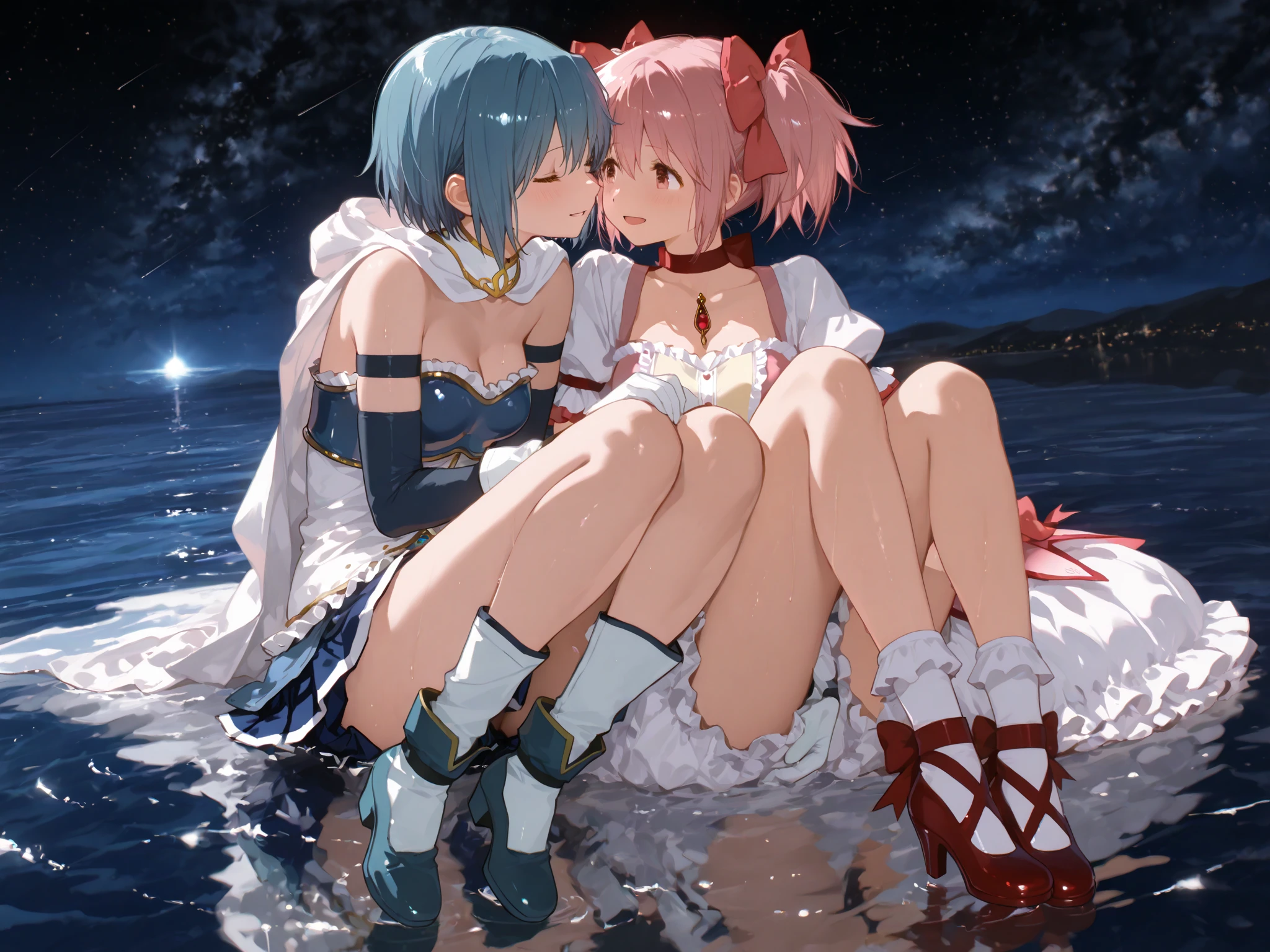 1girl, nsfw, nana asta deviluke, fang, long hair, (pink eyes:1.5), pink hair, demon_tail, tail, twintails,, large breasts, , , empty eyes , large breasts, nipple, , Peeing, lactation, projectile lactation, floating island, sunset, Mountain Hot Spring, castle, frozen, wet, crying ,, Naked, , (1girl) ,solo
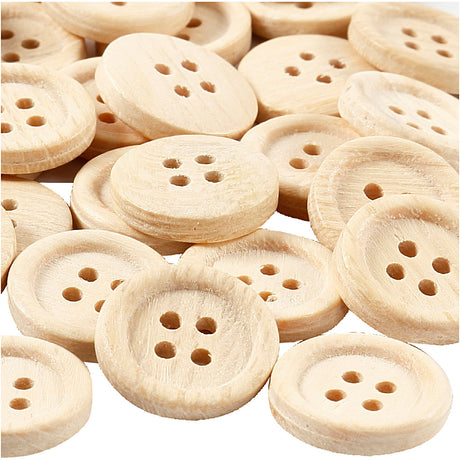 Creativ company http: www.cchobby.nl houten-knopen-d-23-mm-4-gaten-30-stuk-1-doos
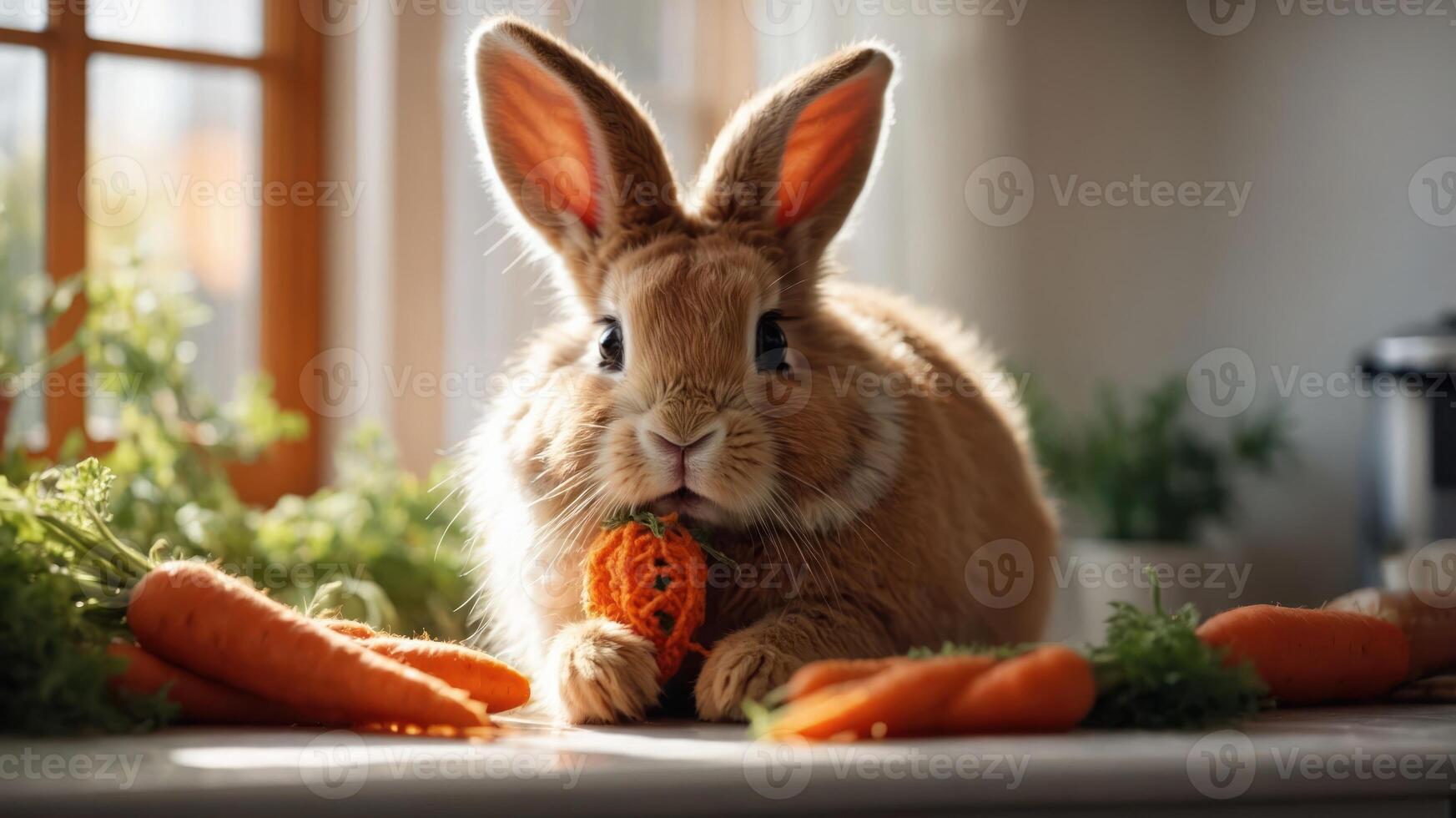 A cute rabbit sitting with carrots, showcasing a playful and vibrant scene. photo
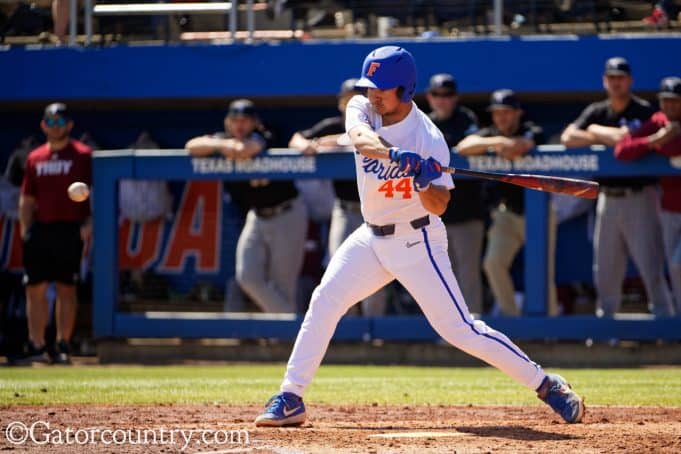 University of Florida outfielder Austin Langworthy singles during the Florida Gators’ sweep of the Troy Trojans- Florida Gators baseball- 1280x853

Task directions —
Transcribe all the lines above exactly; any image among them is skipped.

Answer area —
 1girl, nsfw, nana asta deviluke, fang, long hair, (pink eyes:1.5), pink hair, demon_tail, tail, twintails,, large breasts, , , empty eyes , large breasts, nipple, , Peeing, lactation, projectile lactation, floating island, sunset, Mountain Hot Spring, castle, frozen, wet, crying ,, Naked, , (1girl) ,solo
 Creativ company http: www.cchobby.nl houten-knopen-d-23-mm-4-gaten-30-stuk-1-doos
 A cute rabbit sitting with carrots, showcasing a playful and vibrant scene. photo
 University of Florida outfielder Austin Langworthy singles during the Florida Gators’ sweep of the Troy Trojans- Florida Gators baseball- 1280x853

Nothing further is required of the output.